George Eaton, in his signature book on Bustamante, describes the riots “that shook Jamaica and the West Indies in 1938 as… representing a profound revulsion against the thralldom of poverty and despair”.
Norman Manley summed up the grim situation: “The vast majority of our people were political zeros; with no voice, no rights, and no share in the affairs of the country. Born to obey its laws and to suffer its hardships, and for the rest, to pass silently and unnoticed to their graves.”
To suffer in silence — that seemed to have been the destiny earmarked for many of our forefathers. Until 1938 arrived. And it was not only a male-led revolution. The women played their part. Edna Manley and Agnes Bernard organised a soup kitchen to feed workers during the five hectic days of the great waterfront strike of May 1938. Lady Bustamante, nee Gladys Longbridge, was at Bustamante’s side through every inch of his journey.

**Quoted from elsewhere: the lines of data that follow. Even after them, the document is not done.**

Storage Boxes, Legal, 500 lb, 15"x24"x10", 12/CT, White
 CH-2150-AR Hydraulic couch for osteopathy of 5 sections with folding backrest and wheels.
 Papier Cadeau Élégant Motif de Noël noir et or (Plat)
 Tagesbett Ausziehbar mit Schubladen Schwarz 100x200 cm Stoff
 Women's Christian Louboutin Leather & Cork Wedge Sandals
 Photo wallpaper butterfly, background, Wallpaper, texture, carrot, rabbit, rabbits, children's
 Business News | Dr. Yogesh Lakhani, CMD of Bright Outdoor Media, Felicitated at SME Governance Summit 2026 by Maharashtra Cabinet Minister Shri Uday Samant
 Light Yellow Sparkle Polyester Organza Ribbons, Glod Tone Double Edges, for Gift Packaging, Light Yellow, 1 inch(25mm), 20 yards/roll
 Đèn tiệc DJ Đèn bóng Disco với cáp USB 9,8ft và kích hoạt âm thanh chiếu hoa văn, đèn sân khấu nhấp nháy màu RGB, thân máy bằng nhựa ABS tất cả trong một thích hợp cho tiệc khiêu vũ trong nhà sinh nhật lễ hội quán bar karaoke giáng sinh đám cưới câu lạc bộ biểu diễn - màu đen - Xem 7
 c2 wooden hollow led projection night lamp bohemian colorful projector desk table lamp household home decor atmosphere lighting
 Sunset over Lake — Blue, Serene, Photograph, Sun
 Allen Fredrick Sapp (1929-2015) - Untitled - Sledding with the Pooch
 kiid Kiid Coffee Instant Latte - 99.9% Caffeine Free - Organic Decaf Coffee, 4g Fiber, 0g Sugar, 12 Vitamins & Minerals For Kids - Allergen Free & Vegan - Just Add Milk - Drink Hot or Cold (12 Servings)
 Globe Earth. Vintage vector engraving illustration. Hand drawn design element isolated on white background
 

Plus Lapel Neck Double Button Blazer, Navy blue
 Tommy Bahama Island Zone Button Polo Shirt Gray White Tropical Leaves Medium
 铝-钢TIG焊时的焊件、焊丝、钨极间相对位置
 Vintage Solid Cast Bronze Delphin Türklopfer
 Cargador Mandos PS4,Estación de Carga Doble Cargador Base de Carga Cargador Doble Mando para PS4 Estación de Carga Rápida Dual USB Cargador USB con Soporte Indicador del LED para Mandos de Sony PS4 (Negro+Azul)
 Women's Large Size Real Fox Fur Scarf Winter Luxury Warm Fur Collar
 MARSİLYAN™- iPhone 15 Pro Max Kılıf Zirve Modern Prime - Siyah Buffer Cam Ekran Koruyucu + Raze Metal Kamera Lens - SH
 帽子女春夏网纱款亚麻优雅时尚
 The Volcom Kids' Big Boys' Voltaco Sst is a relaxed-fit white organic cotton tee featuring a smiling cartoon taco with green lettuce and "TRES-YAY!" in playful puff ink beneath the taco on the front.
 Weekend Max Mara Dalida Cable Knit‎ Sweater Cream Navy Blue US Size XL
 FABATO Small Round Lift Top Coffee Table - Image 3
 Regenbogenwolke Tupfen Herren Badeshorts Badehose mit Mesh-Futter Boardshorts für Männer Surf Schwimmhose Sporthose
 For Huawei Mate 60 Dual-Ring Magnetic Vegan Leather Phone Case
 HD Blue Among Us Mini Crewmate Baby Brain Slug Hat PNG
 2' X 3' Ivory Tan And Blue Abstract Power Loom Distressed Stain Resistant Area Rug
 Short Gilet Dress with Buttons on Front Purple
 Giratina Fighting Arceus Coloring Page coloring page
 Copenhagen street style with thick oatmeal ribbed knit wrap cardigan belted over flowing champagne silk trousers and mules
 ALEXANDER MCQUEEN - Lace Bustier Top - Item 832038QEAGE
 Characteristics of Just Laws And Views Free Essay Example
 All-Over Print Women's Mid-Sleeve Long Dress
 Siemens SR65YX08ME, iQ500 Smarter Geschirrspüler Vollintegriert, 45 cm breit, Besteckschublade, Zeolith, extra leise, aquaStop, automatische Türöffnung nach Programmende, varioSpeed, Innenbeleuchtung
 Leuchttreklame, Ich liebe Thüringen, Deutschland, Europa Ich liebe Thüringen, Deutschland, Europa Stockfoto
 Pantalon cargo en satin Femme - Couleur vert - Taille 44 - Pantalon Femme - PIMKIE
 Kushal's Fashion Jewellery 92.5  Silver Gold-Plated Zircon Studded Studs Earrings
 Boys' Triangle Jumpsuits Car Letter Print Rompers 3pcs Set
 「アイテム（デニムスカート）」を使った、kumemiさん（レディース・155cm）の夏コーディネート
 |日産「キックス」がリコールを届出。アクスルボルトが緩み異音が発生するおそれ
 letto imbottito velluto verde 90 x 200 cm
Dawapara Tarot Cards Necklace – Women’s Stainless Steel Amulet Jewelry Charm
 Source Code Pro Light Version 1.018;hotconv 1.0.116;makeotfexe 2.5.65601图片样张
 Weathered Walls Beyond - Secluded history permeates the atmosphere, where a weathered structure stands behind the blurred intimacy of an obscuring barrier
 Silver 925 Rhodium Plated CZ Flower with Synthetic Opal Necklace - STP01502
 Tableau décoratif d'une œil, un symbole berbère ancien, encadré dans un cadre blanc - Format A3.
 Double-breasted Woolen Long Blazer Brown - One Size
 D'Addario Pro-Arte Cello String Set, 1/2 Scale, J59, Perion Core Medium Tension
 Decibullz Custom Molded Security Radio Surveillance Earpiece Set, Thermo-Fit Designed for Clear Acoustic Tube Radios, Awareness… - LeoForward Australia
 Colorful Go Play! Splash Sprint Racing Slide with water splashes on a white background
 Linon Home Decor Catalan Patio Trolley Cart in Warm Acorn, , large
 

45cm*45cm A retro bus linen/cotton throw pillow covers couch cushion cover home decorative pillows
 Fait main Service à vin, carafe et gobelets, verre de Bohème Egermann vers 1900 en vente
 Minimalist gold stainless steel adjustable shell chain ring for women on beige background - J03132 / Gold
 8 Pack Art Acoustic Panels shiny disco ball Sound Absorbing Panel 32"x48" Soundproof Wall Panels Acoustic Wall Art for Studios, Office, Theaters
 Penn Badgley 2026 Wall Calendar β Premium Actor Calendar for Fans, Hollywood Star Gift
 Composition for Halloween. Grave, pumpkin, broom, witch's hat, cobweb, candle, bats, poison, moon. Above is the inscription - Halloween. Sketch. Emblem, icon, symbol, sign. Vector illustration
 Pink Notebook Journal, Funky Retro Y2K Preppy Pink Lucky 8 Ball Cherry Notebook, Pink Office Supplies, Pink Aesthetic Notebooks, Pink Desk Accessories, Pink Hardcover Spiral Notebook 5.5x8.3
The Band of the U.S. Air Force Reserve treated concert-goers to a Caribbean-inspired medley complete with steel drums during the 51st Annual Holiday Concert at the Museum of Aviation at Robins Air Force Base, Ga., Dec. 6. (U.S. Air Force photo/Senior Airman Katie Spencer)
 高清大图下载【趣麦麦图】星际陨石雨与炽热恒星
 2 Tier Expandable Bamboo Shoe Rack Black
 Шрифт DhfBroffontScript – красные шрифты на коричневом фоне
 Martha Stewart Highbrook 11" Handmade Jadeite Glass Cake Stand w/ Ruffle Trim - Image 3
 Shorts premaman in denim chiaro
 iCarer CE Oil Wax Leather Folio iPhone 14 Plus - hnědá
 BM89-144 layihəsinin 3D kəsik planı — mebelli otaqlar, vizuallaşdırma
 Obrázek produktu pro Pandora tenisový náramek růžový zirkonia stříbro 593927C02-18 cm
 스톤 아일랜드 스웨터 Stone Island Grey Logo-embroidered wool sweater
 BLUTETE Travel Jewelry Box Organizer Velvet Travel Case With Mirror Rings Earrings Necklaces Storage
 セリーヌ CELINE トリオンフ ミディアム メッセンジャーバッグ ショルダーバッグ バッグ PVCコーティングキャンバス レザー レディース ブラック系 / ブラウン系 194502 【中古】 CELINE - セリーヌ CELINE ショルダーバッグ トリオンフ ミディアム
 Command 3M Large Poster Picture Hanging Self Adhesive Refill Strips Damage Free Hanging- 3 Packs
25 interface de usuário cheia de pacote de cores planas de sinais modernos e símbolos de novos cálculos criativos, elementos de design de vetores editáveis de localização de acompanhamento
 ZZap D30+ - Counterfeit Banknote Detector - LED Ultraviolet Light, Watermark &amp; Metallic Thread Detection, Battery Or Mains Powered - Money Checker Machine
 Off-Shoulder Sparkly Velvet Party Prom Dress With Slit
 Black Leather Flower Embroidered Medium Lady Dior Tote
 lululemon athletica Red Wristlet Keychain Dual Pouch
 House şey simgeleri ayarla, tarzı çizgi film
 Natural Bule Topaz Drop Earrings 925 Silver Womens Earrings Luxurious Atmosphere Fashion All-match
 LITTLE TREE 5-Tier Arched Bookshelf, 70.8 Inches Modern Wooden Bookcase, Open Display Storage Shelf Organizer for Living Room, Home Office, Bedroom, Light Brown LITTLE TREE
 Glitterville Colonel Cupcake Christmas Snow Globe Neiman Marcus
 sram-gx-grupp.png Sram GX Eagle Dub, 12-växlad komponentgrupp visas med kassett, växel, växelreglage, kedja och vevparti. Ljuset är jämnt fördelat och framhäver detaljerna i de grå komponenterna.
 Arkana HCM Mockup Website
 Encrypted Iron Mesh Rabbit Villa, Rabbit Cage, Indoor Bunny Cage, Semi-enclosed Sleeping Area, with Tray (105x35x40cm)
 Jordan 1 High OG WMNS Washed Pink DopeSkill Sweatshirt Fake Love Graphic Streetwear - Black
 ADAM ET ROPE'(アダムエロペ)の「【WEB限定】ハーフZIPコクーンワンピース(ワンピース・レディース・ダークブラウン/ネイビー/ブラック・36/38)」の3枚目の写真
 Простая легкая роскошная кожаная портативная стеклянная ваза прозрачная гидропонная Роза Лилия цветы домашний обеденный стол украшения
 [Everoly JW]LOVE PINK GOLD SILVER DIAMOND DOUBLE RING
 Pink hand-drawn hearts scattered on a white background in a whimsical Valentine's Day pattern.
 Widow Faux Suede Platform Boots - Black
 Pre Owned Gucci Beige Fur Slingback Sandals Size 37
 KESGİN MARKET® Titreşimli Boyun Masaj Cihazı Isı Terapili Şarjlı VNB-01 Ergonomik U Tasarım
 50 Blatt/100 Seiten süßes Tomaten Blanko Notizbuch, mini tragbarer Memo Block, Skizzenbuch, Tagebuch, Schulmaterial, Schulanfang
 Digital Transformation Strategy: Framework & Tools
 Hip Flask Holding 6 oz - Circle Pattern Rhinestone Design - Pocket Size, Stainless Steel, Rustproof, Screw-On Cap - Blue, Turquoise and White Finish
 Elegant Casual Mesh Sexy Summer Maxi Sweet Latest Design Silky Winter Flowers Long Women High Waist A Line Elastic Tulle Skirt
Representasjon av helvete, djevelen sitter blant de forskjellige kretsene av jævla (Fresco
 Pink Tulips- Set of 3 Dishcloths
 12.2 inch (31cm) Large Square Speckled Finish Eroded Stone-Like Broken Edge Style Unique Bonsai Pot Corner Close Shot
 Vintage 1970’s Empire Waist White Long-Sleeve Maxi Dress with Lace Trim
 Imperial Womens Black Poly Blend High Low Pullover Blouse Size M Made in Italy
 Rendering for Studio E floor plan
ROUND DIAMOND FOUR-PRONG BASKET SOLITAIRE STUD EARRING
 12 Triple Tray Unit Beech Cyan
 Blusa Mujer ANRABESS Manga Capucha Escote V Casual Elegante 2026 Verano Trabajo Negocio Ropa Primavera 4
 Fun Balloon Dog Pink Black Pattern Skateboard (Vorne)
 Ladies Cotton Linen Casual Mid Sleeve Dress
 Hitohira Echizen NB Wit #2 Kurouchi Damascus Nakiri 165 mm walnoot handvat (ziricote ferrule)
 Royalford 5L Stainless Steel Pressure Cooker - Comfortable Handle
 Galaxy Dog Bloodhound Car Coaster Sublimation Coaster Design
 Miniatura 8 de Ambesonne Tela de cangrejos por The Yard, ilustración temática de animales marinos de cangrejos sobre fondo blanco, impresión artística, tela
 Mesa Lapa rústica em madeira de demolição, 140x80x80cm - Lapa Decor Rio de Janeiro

She was there the at the moment of high drama downtown when Inspector Orrett took aim. “Get down behind Queen Victoria’s statue, Miss Longbridge, and don’t move a muscle”, her chief ordered as he faced the charging troops.
Workers’ Week and Labour Day mean much more than a painted sidewalk, a renovated school, or a repaired standpipe. The commemorative events planned for 2018 will focus on the genuine heroic struggles and exciting events of 1938. And so should it be.